━━━━━ Data for this task

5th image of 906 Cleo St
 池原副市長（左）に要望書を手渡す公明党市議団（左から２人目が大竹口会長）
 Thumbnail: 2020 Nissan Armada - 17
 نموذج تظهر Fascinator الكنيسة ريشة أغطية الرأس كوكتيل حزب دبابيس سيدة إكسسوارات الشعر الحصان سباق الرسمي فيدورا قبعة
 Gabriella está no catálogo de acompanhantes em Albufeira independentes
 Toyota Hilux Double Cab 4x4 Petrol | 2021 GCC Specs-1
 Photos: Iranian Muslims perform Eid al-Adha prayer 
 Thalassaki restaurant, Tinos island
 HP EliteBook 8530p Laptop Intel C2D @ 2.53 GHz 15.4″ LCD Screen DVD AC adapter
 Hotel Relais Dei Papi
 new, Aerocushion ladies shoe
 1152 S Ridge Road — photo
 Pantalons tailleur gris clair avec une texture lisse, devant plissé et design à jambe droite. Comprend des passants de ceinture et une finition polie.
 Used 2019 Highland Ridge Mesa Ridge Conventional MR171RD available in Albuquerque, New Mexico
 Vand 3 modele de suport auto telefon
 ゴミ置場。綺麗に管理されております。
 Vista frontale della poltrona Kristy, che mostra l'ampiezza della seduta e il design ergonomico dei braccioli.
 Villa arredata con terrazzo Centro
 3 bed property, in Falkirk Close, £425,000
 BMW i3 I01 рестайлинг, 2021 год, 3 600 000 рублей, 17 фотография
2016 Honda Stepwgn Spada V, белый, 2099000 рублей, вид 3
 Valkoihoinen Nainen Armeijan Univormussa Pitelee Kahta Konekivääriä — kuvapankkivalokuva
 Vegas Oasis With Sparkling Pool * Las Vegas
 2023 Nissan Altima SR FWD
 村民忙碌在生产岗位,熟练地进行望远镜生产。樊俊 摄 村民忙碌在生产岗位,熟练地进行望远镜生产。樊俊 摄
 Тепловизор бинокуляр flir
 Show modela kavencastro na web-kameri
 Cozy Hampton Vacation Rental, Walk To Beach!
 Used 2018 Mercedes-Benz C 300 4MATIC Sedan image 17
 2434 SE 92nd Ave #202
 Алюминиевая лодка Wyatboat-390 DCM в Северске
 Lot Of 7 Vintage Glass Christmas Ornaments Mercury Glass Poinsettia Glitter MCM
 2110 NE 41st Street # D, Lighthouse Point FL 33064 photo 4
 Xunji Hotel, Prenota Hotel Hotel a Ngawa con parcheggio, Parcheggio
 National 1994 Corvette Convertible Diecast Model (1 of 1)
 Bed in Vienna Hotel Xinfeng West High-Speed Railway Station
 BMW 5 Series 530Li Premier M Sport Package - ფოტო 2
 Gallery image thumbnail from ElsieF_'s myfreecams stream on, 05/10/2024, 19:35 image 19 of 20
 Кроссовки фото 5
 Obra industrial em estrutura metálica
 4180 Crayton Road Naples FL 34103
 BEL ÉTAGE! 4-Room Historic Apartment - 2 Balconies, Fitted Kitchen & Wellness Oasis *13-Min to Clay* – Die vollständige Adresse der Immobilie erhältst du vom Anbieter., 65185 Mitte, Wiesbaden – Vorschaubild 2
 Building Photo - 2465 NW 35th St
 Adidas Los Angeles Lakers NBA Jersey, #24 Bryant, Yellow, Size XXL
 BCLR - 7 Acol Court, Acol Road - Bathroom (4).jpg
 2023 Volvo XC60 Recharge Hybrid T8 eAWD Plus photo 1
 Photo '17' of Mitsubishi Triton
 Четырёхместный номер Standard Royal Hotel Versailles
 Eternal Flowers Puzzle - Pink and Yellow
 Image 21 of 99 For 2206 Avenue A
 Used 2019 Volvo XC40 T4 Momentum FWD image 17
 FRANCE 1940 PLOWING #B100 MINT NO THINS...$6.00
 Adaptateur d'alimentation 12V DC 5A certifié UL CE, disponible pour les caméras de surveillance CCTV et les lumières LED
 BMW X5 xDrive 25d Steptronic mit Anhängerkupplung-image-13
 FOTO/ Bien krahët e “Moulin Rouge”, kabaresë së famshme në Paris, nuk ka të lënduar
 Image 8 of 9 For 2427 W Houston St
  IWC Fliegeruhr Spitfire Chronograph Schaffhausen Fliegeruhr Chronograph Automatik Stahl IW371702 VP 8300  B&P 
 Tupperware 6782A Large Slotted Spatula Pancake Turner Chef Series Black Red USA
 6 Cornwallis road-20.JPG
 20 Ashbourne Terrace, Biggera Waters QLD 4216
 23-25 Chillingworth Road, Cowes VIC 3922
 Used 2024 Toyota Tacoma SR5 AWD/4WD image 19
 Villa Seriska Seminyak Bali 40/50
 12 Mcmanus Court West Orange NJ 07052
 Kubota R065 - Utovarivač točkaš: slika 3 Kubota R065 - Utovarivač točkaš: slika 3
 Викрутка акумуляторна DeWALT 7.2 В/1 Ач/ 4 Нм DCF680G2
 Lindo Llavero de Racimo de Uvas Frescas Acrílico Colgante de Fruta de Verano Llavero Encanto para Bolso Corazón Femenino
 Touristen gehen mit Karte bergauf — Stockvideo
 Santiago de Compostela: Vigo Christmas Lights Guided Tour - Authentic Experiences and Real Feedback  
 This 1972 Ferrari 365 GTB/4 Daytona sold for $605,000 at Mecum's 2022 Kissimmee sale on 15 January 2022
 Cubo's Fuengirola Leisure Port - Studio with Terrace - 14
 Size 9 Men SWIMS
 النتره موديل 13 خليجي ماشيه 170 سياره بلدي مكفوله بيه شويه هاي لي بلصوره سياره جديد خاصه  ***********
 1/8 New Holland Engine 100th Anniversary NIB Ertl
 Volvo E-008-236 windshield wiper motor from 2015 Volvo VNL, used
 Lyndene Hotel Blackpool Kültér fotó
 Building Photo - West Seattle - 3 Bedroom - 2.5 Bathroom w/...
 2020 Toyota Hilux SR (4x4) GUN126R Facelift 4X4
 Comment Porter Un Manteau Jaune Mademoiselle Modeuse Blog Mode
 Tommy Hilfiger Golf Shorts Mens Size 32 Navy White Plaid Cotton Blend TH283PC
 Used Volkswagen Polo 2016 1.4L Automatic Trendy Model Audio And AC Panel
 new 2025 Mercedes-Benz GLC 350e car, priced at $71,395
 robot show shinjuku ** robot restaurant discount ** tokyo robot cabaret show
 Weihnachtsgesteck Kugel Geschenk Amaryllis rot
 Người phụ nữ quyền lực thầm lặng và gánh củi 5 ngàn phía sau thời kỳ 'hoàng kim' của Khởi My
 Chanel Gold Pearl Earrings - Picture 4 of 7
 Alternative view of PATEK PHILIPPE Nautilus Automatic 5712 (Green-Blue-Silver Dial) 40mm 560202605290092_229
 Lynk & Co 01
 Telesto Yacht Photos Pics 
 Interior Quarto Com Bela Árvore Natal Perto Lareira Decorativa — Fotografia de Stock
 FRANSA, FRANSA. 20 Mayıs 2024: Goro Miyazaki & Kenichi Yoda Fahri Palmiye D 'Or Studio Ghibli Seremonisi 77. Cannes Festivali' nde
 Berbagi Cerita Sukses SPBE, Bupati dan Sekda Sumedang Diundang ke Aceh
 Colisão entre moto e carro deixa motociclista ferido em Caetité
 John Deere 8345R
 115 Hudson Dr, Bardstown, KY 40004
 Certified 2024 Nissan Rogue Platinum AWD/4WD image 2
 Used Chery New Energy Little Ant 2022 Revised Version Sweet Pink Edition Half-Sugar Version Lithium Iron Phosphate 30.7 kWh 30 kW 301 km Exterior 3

━━━━━━━━━━

- Exercise description
Copy the lines above exactly, beginning at the line that has "Used 2024 Toyota Tacoma SR5 AWD/4WD image 19" and stopping after the line that has "Used Volkswagen Polo", and omit the rest.

- Output for this task
 Used 2024 Toyota Tacoma SR5 AWD/4WD image 19
 Villa Seriska Seminyak Bali 40/50
 12 Mcmanus Court West Orange NJ 07052
 Kubota R065 - Utovarivač točkaš: slika 3 Kubota R065 - Utovarivač točkaš: slika 3
 Викрутка акумуляторна DeWALT 7.2 В/1 Ач/ 4 Нм DCF680G2
 Lindo Llavero de Racimo de Uvas Frescas Acrílico Colgante de Fruta de Verano Llavero Encanto para Bolso Corazón Femenino
 Touristen gehen mit Karte bergauf — Stockvideo
 Santiago de Compostela: Vigo Christmas Lights Guided Tour - Authentic Experiences and Real Feedback  
 This 1972 Ferrari 365 GTB/4 Daytona sold for $605,000 at Mecum's 2022 Kissimmee sale on 15 January 2022
 Cubo's Fuengirola Leisure Port - Studio with Terrace - 14
 Size 9 Men SWIMS
 النتره موديل 13 خليجي ماشيه 170 سياره بلدي مكفوله بيه شويه هاي لي بلصوره سياره جديد خاصه  ***********
 1/8 New Holland Engine 100th Anniversary NIB Ertl
 Volvo E-008-236 windshield wiper motor from 2015 Volvo VNL, used
 Lyndene Hotel Blackpool Kültér fotó
 Building Photo - West Seattle - 3 Bedroom - 2.5 Bathroom w/...
 2020 Toyota Hilux SR (4x4) GUN126R Facelift 4X4
 Comment Porter Un Manteau Jaune Mademoiselle Modeuse Blog Mode
 Tommy Hilfiger Golf Shorts Mens Size 32 Navy White Plaid Cotton Blend TH283PC
 Used Volkswagen Polo 2016 1.4L Automatic Trendy Model Audio And AC Panel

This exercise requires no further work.